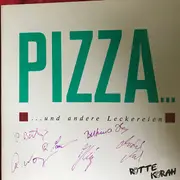 LP - Rotte Korah - Pizza... - ...Und Andere Leckereien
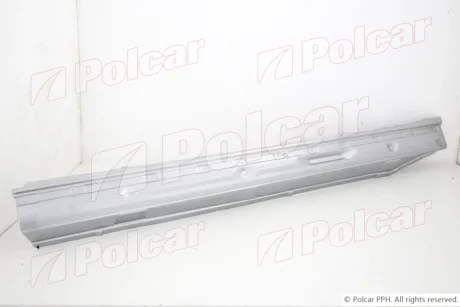 Порог левый Polcar 2008412P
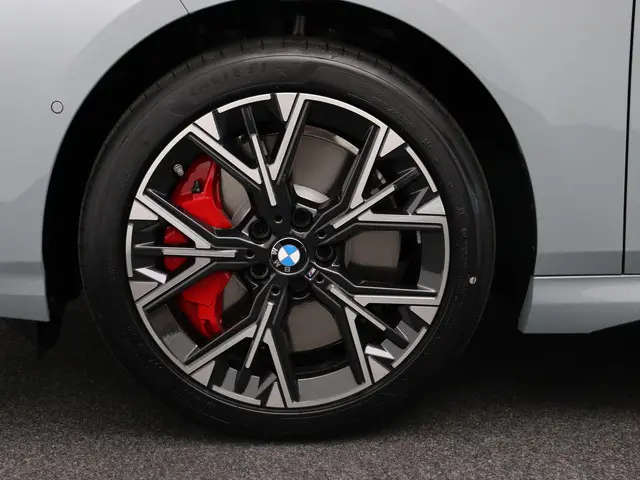 BMW 2 Serie Gran Coupé 220 2026 Benzine 6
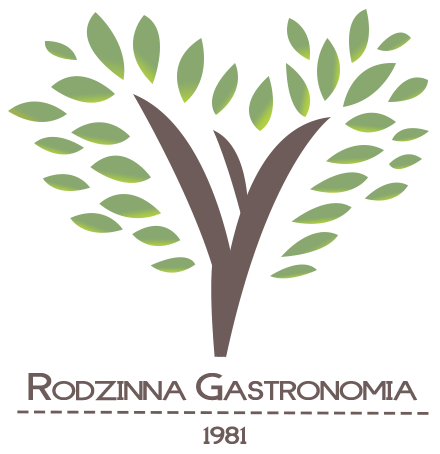 Rodzinna Gastronomia - logo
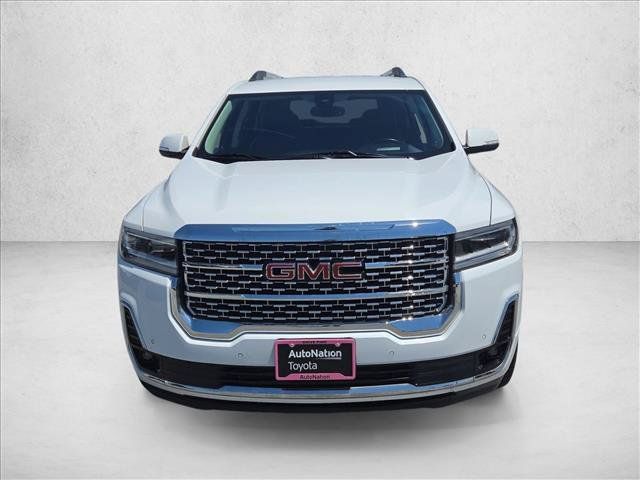 Used 2023 GMC Acadia Denali FWD image 2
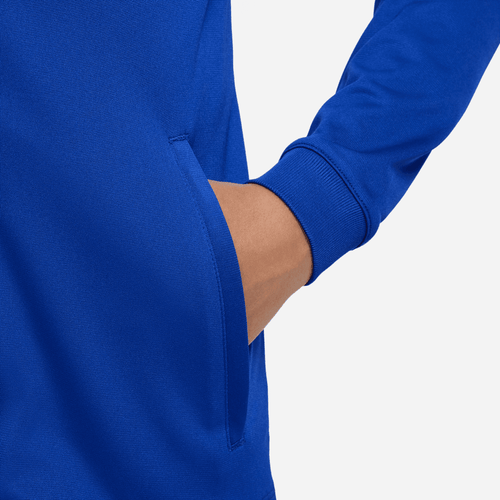 PSG Strike Junior Tracksuit 2022/2023 - Blue/White  - Footkorner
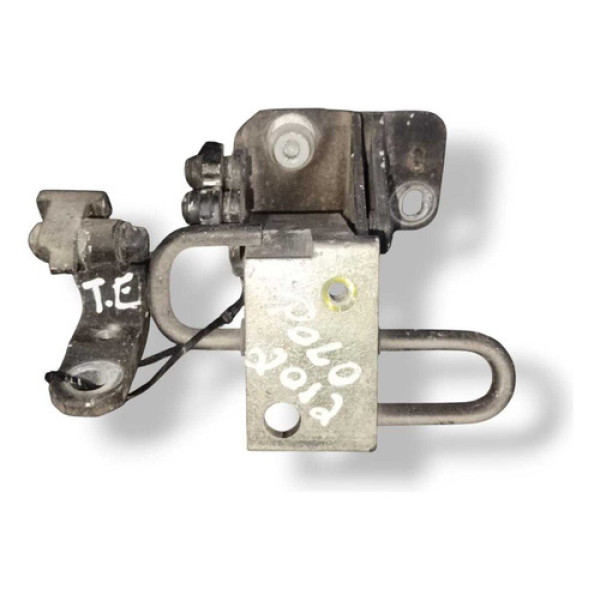 Limitador Porta Traseira Esquerda Volkswagen Polo 2008/2012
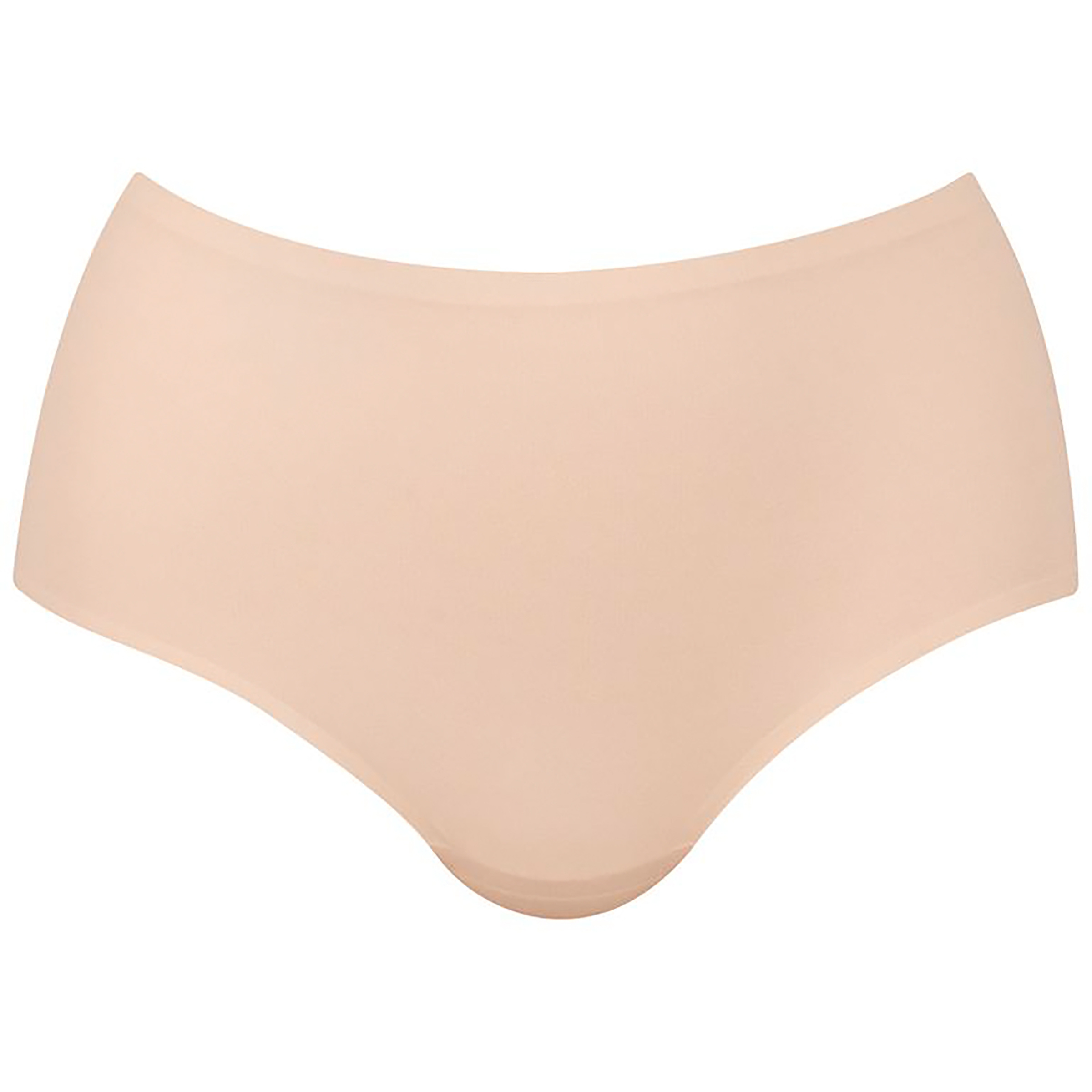 Anita High Waist+ Damen Kurze Unterhose pink Größe M Lifestyle Elastisch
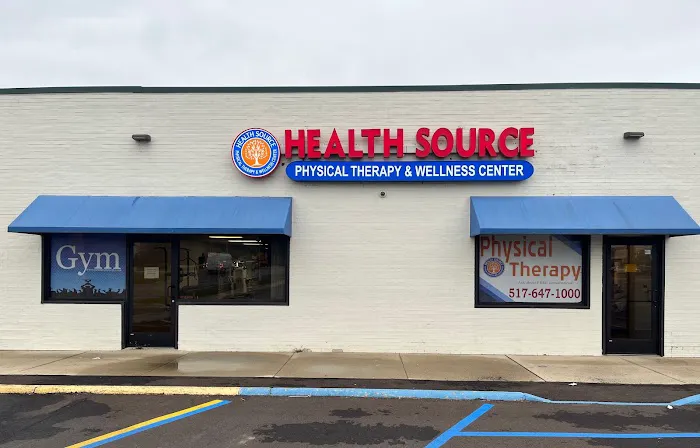 Health Source Wellness Center Picture 3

== TASK DIRECTIONS ==
All lines from the one containing "PSG Strike Junior" through the end of the entries above must be given again exactly, with every picture omitted.

== RESPONSE TO THE TASK ==
 PSG Strike Junior Tracksuit 2022/2023 - Blue/White  - Footkorner
 Limitador Porta Traseira Esquerda Volkswagen Polo 2008/2012
 Anita High Waist+ Damen Kurze Unterhose pink Größe M Lifestyle Elastisch
 Health Source Wellness Center Picture 3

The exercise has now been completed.